Hatte es schonmal drauf, vserver gelöscht und neu aufgesetzt. Seit dem geht es nicht mehr.


Rufe ich als php -q install.php auf kommt folgende Fehlermeldung:


> Notice: Undefined variable: distver in /neu/ispconfig3_install/install/lib/install.lib.php on line 135
> 
> Notice: Undefined variable: distid in /neu/ispconfig3_install/install/lib/install.lib.php on line 135
> 
> Notice: Undefined variable: distbaseid in /neu/ispconfig3_install/install/lib/install.lib.php on line 135


Was könnte das sein?(debian lenny)

EDIT: Ich habs gefunden in einem anderen Beitrag hier:
Debian version auf 5.0 setzen.

Dafür hats jetzt mein Apache zerbröselt..er startet nicht mehr...was könnte das nun wieder sein?

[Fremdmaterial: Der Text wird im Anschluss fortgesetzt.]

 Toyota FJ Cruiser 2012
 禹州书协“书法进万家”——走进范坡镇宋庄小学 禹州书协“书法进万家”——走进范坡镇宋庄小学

> /etc/init.d/apache2 start
> Starting web server: apache2 failed!


Mehr kommt nicht.
Vor der Installation von ispconfig gings apache noch einwandfrei!


----------



## planet_fox (28. Apr. 2009)

Welche ISP Version ?, Schau mal in dei apache logfiles


----------



## mb23 (28. Apr. 2009)

Version 3.

Apache errorlog sagt das:



> unable to start piped log program ' /usr/sbin/vlogger -s access.log -t "%Y%m%d-access.log" /var/log/ispconfig/httpd': No such file or directory
> Unable to open logs


----------



## mb23 (28. Apr. 2009)

Also ich bin jetzt 3 Mal exakt dieser Vorlage gefolgt und davor jedesmal debian komplett neu installiert:

http://www.howtoforge.de/howto/der-perfekte-server-debian-lenny-debian-50-ispconfig-3/6/

Jedesmal ist der Apache futsch, kann nicht neu gestartet werden, vor der Installation von ispconfig geht der apache.
Schätze da macht der ispconfig installer einen Fehler, anders kann ich es mir vorstellen...


----------



## planet_fox (29. Apr. 2009)

> /var/log/ispconfig/httpd


ist der ordner wirklich nicht vorhanden ?

ls /var/log/ispconfig



> Schätze da macht der ispconfig installer einen Fehler, anders kann ich es mir vorstellen...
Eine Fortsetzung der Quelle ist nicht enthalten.